Reputation: 399
I am trying to create a Writeable External Table in Greenplum (postgresql) and unload data from a Greenplum Table into HDFS using it. Here is the code:
CREATE WRITABLE EXTERNAL TABLE test_writable
( LIKE awc_merged.delivery )
LOCATION ('gphdfs://10.63.33.201-1:8081/path')
FORMAT 'TEXT' (DELIMITER ',')
DISTRIBUTED RANDOMLY;
INSERT INTO test_writable SELECT * FROM awc_merged.delivery;
However, I'm getting the following error:
ERROR: could not write to external resource: Broken pipe (fileam.c:1386) (seg3 sdw2:40001 pid=21676) (cdbdisp.c:1457)

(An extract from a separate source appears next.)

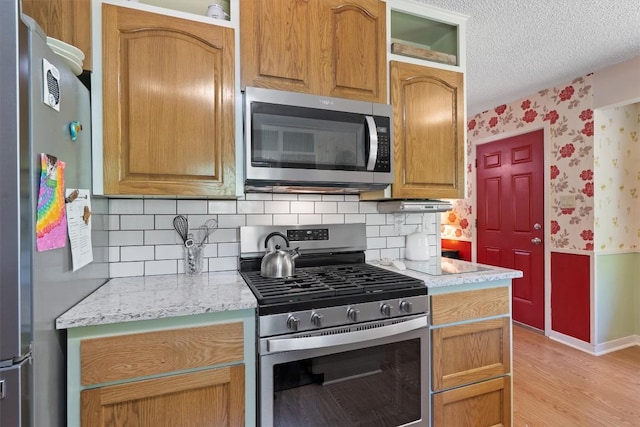 kitchen featuring stainless steel appliances, wallpapered walls, light wood-style flooring, baseboards, and a textured ceiling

********** Error **********
ERROR: could not write to external resource: Broken pipe (fileam.c:1386) (seg3 sdw2:40001 pid=21676) (cdbdisp.c:1457)
SQL state: XX000
The Greenplum Database and the HDFS are on different servers and I know that the command should atleast include a username and password for the HDFS server. Can anyone help me out with the correct command for this task?
Regards,
Jones
Upvotes: 0
Views: 1400
Reputation: 5018
First, try to setup readable external table. Here's the guide how it can be done: https://support.pivotal.io/hc/en-us/articles/202635496-How-to-access-HDFS-data-via-GPDB-external-table-with-gphdfs-protocol
This example is for PHD distribution, but can be customized for any other distribution. The general idea is that on each GPDB host you should have HDFS client libraries installed and HDFS client configuration is performed (i.e. you can access HDFS from this machine under gpadmin usign "hdfs dfs -ls /", for example)
In general, the setup procedure is described in "GPDB Database Administrator Guide" and can be found here: http://gpdb.docs.pivotal.io/4330/index.html#admin_guide/load.html
Upvotes: 0